I would just like to ask you a few general and workflow questions, as I might need to change some of my habits in order to be able to use your compounds and/or work with strands.

a. Coming from polygon modeling I usually need subpatching to gain the smooth look (after deformation). Also some displacement (zBrush displacement maps) might be needed. How do I grow fur on the subpatched model? Would I need to convert the polymeshes into nurbs? Or would I use a subpatechd poly model (frozen) and deform this with my animated polygon mesh?

b. As I need a lot of guides which will be grown dynamically in the first place, how would I store these guides strands in order to have an efficient workflow? Would I convert them into curves (which I could probably save out with an object) and later on transform them back into guide strands? I plan to have two point clouds. One for the guides strands and one for the actual visible hair.

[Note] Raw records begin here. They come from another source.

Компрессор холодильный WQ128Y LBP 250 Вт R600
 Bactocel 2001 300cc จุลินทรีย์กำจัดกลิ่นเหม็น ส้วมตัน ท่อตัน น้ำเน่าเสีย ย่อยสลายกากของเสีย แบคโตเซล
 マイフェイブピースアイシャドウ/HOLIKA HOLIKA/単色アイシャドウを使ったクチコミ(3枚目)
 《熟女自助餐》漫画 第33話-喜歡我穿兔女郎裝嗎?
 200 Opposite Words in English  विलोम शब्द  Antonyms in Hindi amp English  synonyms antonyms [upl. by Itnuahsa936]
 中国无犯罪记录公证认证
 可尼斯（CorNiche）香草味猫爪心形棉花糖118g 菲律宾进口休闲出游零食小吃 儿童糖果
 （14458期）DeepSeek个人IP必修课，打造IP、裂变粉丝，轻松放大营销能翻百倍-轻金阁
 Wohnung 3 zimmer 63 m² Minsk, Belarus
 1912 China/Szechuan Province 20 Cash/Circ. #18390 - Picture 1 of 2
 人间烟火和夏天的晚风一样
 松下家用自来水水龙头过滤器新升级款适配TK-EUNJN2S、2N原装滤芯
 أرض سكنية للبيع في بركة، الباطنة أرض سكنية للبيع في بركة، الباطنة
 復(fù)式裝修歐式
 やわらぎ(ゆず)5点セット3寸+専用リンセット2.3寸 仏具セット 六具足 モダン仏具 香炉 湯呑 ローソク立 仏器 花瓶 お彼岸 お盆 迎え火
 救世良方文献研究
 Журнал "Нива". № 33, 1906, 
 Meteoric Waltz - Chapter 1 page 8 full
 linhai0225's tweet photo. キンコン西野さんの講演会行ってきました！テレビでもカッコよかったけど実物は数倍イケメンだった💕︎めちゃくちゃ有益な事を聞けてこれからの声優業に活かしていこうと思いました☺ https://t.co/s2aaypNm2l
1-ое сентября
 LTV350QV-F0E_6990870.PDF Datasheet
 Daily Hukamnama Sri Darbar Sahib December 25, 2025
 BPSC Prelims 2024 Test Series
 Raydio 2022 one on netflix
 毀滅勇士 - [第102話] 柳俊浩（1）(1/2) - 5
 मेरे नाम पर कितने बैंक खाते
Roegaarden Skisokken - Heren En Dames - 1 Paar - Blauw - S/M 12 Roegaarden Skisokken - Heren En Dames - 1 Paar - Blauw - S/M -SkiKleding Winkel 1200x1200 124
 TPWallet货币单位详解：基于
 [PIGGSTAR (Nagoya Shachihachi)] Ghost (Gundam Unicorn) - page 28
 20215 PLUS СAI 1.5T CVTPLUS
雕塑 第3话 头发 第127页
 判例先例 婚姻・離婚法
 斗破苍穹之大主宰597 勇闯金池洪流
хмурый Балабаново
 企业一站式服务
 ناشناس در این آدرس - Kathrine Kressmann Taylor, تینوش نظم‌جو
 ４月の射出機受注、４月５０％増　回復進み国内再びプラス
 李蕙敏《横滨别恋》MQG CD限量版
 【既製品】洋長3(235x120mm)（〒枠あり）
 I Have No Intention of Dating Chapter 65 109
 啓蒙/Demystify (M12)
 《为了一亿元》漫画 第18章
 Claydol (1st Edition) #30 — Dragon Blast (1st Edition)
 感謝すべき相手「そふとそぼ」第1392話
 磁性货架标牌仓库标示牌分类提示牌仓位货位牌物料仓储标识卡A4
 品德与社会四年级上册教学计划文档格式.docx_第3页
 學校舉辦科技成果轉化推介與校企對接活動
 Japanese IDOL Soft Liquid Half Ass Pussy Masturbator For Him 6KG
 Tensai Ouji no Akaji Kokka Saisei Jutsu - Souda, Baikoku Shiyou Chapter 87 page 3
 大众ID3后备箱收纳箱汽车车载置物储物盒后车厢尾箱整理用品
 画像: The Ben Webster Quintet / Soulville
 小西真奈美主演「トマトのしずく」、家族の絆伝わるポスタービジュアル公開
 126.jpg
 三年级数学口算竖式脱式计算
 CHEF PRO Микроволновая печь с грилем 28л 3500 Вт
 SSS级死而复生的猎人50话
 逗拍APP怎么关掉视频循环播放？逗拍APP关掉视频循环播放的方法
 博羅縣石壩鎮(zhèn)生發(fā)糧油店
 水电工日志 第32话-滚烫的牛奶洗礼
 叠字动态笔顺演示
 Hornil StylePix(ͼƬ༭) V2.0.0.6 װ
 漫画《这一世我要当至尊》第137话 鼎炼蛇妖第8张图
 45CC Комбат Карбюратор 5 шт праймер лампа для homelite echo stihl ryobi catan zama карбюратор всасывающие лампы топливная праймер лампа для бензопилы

c. As I want to be able to clump the fur in a very controlable manner: Do I need to grow clump strands which serve as the guides for the clumping or can I alter the exact radius for clumping via a weight map (e.g. different clumping radius in areas)? I guess the clumping might need the guide strands as each clump would need a own guide for dynamics? In case I need clump guides, could I pre-create a point cloud with the root positions like the guide strands? Played around with even distribution of points on a mesh, as the clumping guides need a very similar distance. Regular SI emitting will be too irregular.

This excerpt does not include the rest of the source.